It's not your father's storage environment anymore.
Driven by business demands such as regulatory compliance and the growth of unstructured content, companies are investing in storage technologies, including Fibre Channel and iSCSI storage area networks, storage virtualization, and disk-to-disk backup. The convergence of storage and networking has created demand for--and a shortage of--workers with skills in these areas.
The Information Storage Industry Center, a nonprofit research program of the University of California at San Diego, provides technology pros with resources to further their careers by adding storage skills. The center operates StorageNetworking .org, where visitors can find degree and certification programs that include backup and recovery, data integrity, storage administration, network-attached storage, SANs, and virtualization.

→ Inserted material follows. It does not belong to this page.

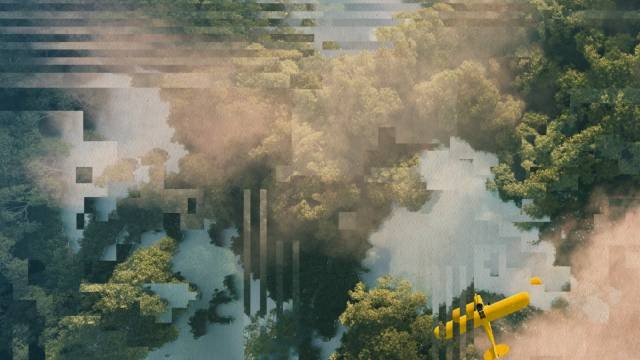 Bird’s‑eye view of trees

The site also serves as a clearinghouse for user groups and research papers. Links are available to storage networking user groups that provide forums for storage pros to polish their skills and learn new ones: The New York group recently held a talk by Christopher Hill, associate director of information systems at law firm Thacher Proffitt & Wood LLP, on the topic of storage strategies in the mid-tier enterprise.
Although many educational institutions feature storage as an academic discipline, most of these programs are research-oriented. The center wants to expand the number of institutions offering practical courses. "We're trying to bridge the gap between industry and academia, so academia can realize the value of offering courses that prepare people to enter the storage workforce and be more competent at it," says Rob Durbin, the center's director of industry relations.
The ideal preparation for someone wishing to pursue a career as a storage professional is an academic track combining storage and networking, plus some on-the-job training that involves translating business objectives into technology requirements. Says Durbin, "The days of the heads-down database administrator are over. The hiring managers I speak to want people who are smart, versatile, and possess business savvy."